> [Directions]: Please reproduce the lines from the one containing "Close up of" through the end of the data below exactly as they stand, and omit all pictures.

##############################

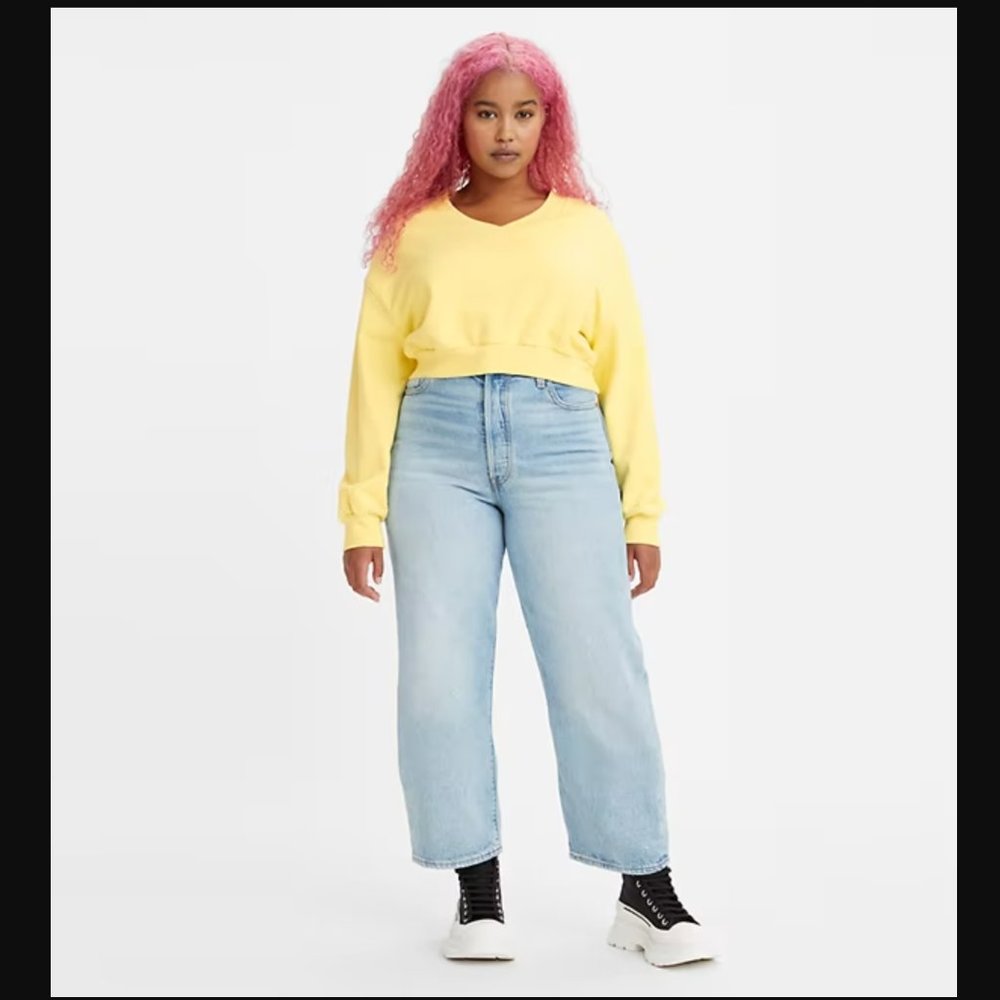 Levi's Premium Ribcage Straight Ankle Jeans in Bernal Middle Road 27x27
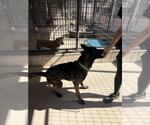Small #2 Mutt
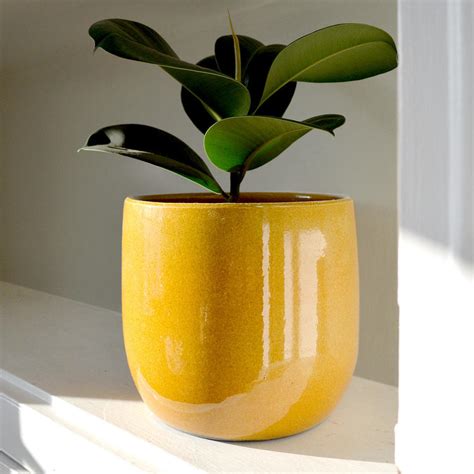 Maybe you would like to learn more about one of these? Buy Glazed Yellow Honey Plant Pot — The Worm that Turned ...
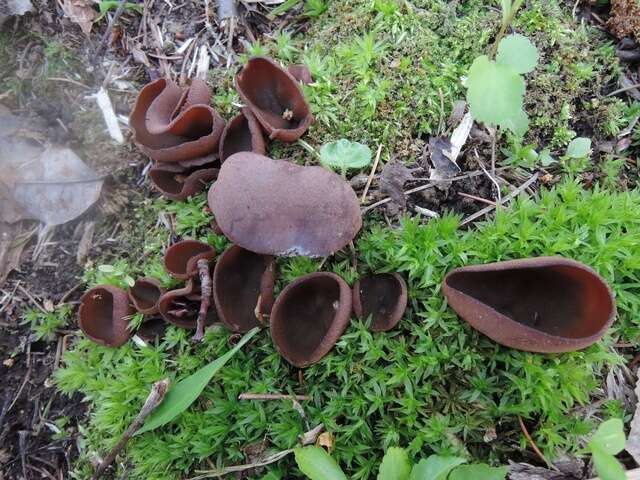 Image of cup fungi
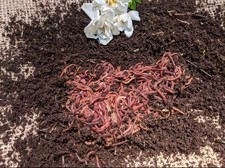 100 Live Red Wiggler worms,FREE Shipping (Compost Worms)--No Blues picture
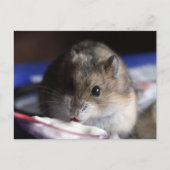 Hamster Postkarte (Vorderseite)
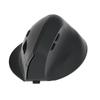 YiPan HC Wireless Ergonomic Vertical Mouse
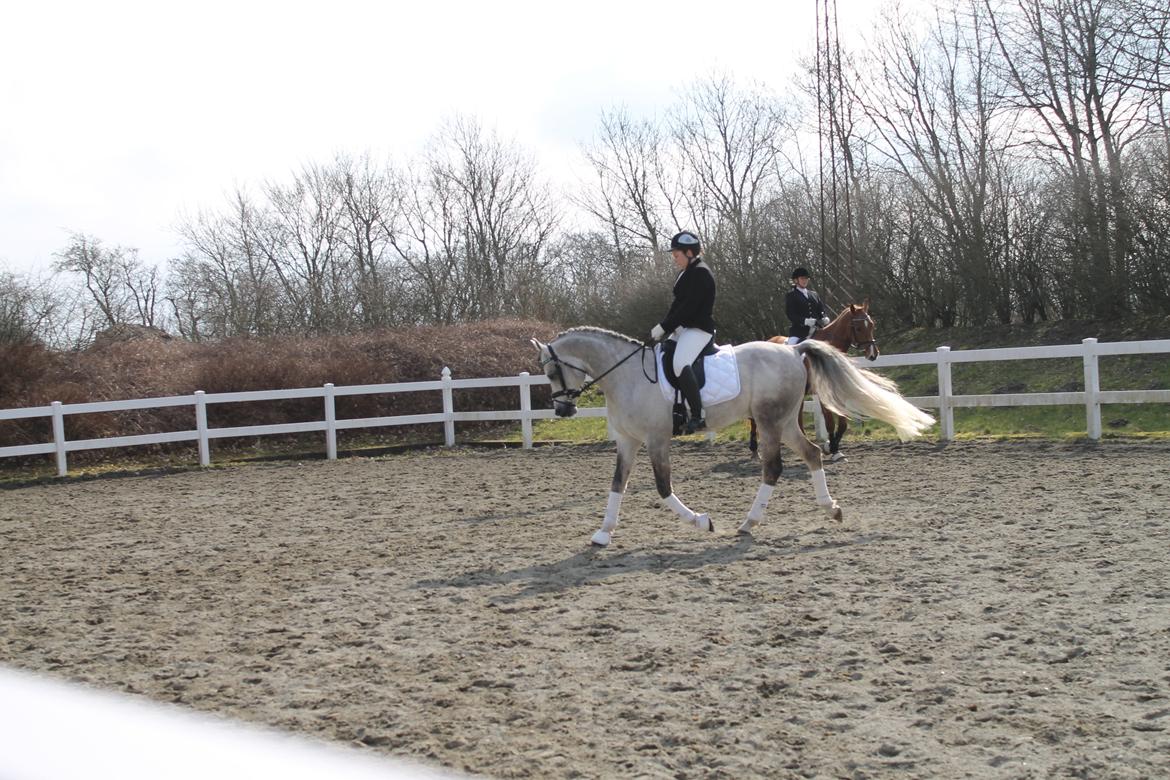 Arabisk fuldblod (OX) Wermont billede 21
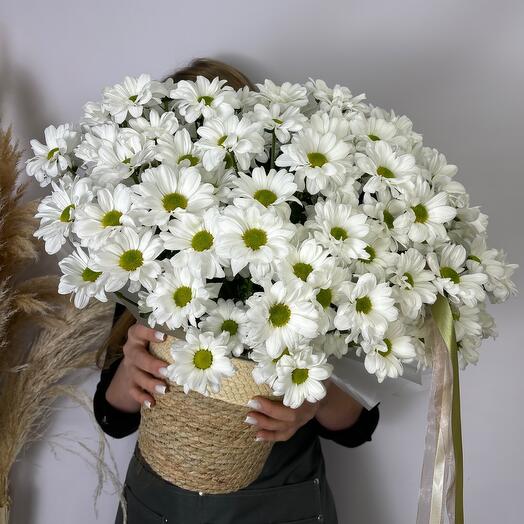 Большая корзина из ромашковых хризантем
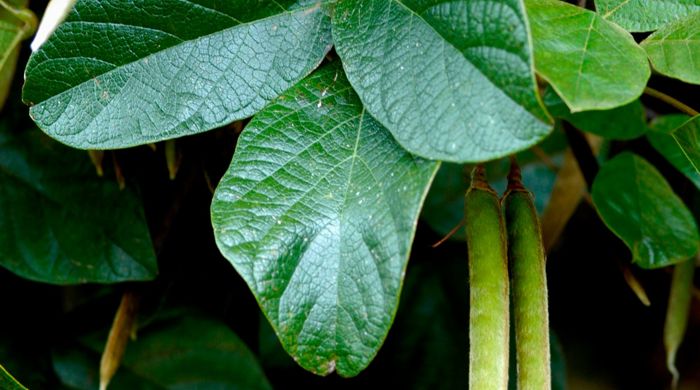 Close up of the long pods of dusky coral pea.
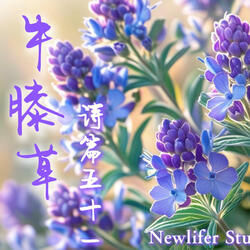 感谢为祭 诗篇50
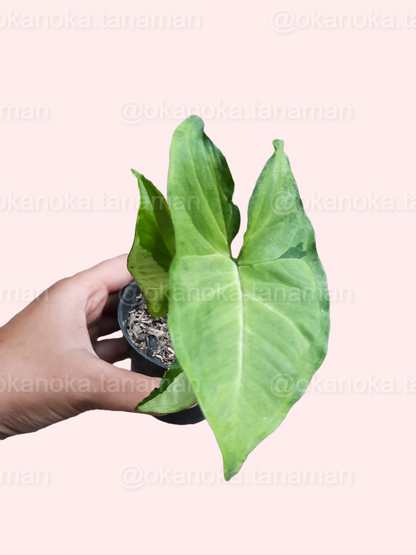 Hand holding Syngonium Green Beauty with visible variegation in soft natural light.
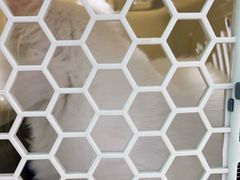 -宠颐生猫科·内科皮肤科(西平世纪城店)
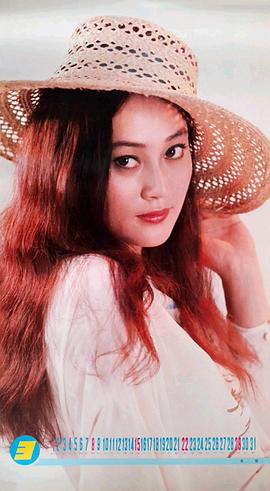 宋佳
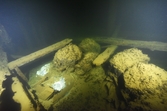 Ett stort antal tunnor påträffades i vraket. På bilden kan man se tio tunnor där åtta av dem är fyllda med osmundar.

##############################

> [Answer]:
 Close up of the long pods of dusky coral pea.
 感谢为祭 诗篇50
 Hand holding Syngonium Green Beauty with visible variegation in soft natural light.
 -宠颐生猫科·内科皮肤科(西平世纪城店)
 宋佳
 Ett stort antal tunnor påträffades i vraket. På bilden kan man se tio tunnor där åtta av dem är fyllda med osmundar.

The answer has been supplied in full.